WHAT THE TASK REQUIRES: From the line containing "Khăn lông cứu" to the line containing "Fodor's Essential Hawaii" in the records below, set down every line exactly as it stands, both ends included, and skip the pictures.

MATERIAL FOR THIS TASK:
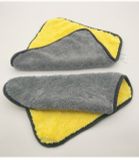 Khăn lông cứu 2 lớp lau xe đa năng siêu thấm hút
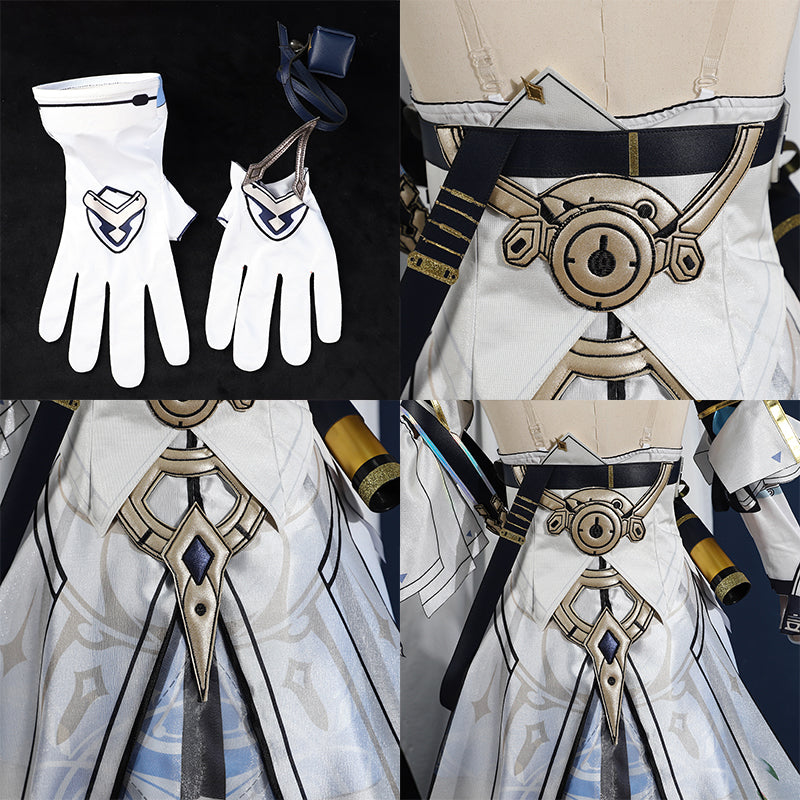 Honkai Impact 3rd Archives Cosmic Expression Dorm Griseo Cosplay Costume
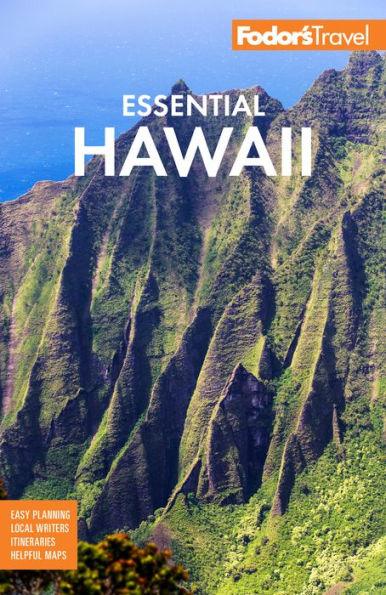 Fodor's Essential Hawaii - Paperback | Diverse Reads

---

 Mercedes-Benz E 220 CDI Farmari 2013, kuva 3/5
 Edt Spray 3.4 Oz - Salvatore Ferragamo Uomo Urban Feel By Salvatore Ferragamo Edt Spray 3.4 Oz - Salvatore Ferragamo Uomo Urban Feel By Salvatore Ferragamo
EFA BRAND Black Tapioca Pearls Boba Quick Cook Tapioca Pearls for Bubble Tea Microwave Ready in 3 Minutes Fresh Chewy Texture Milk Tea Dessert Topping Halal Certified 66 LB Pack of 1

==

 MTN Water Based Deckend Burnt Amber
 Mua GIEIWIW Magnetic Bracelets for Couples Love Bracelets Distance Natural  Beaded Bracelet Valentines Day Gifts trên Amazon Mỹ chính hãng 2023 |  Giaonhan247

EXPECTED ANSWER:
 Khăn lông cứu 2 lớp lau xe đa năng siêu thấm hút
 Honkai Impact 3rd Archives Cosmic Expression Dorm Griseo Cosplay Costume
 Fodor's Essential Hawaii - Paperback | Diverse Reads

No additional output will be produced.